Using DOE supercomputers, researchers are training powerful AI models that learn from text, images, and energy data across many institutions—without sharing sensitive data—to accelerate discovery, strengthen the power grid, and enable secure scientific collaboration.
This project advances privacy-preserving federated learning (PPFL) to enable the training of large-scale foundation models (FMs) on sensitive, multimodal scientific data distributed across institutions. By leveraging the Department of Energy’s (DOE) high-performance computing (HPC) facilities—including Frontier, Aurora, Polaris, and Perlmutter—the research team will train FMs in four key areas: extracting knowledge from scientific text, interpreting high-resolution imaging data from DOE light sources, forecasting building energy consumption using national building datasets, and modeling electric grid operations through graph-based learning. These models will be developed without centralizing data, preserving privacy while enabling collaborative AI development across national laboratories and universities.

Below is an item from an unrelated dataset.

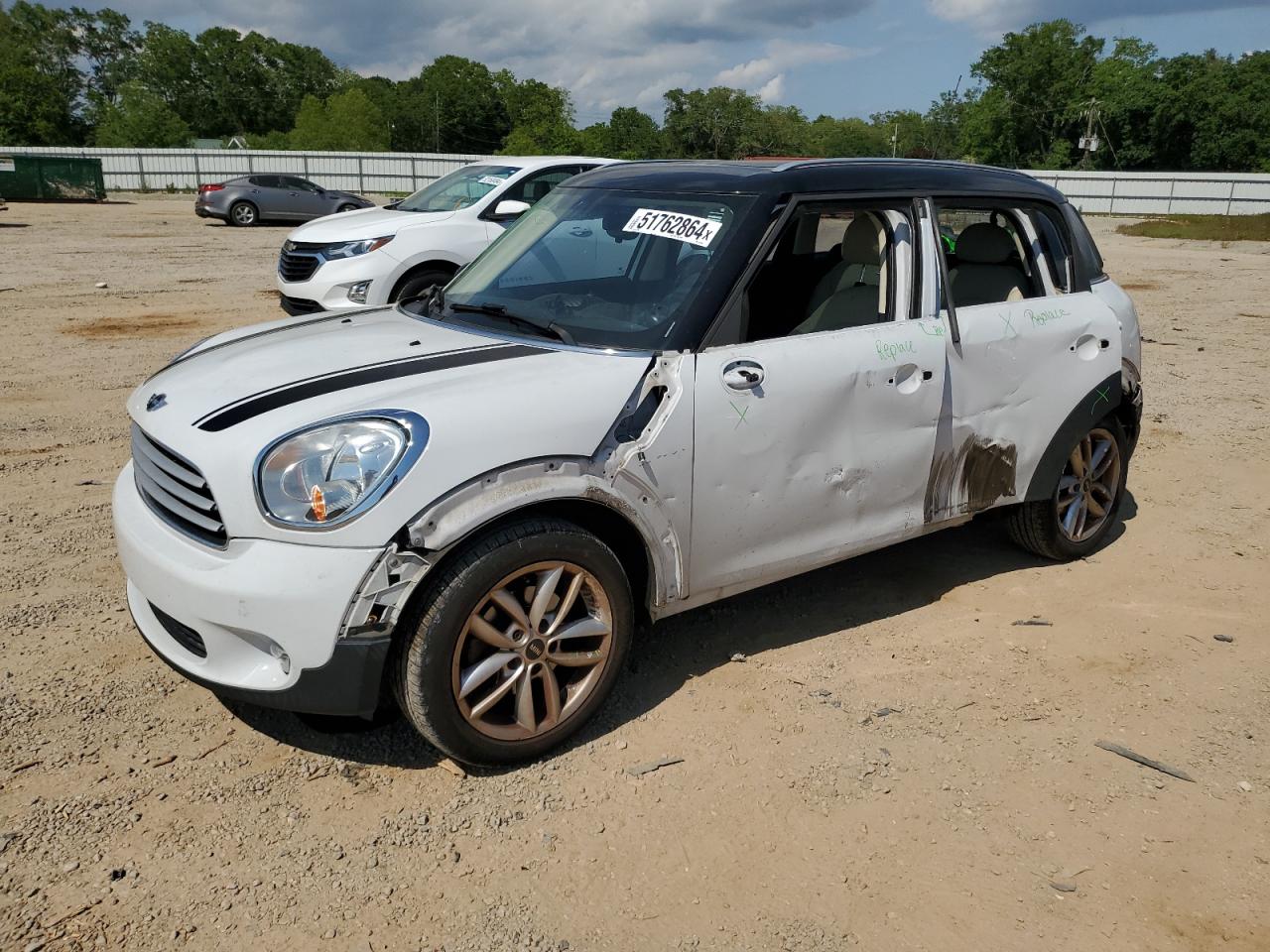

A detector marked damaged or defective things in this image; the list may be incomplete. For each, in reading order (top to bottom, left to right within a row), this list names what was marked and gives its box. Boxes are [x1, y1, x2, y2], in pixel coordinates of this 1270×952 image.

damaged white mini cooper [116, 158, 1143, 766]
dented door panel [691, 323, 949, 599]
dented door panel [921, 294, 1119, 524]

The project supports DOE’s mission by delivering AI capabilities that enhance energy resilience, scientific discovery, and secure collaboration. The PPFL framework will integrate scalable optimization and privacy- preserving mechanisms—such as adaptive compression, federated pruning, and differential privacy—to reduce communication costs and safeguard sensitive data. The outcomes will establish a foundation for collaboratively training foundation models on multiple DOE’s exascale systems, contributing to breakthroughs in imaging science, biomedical science, and grid modernization, while setting a precedent for secure, multi-institutional research at leadership computing scale.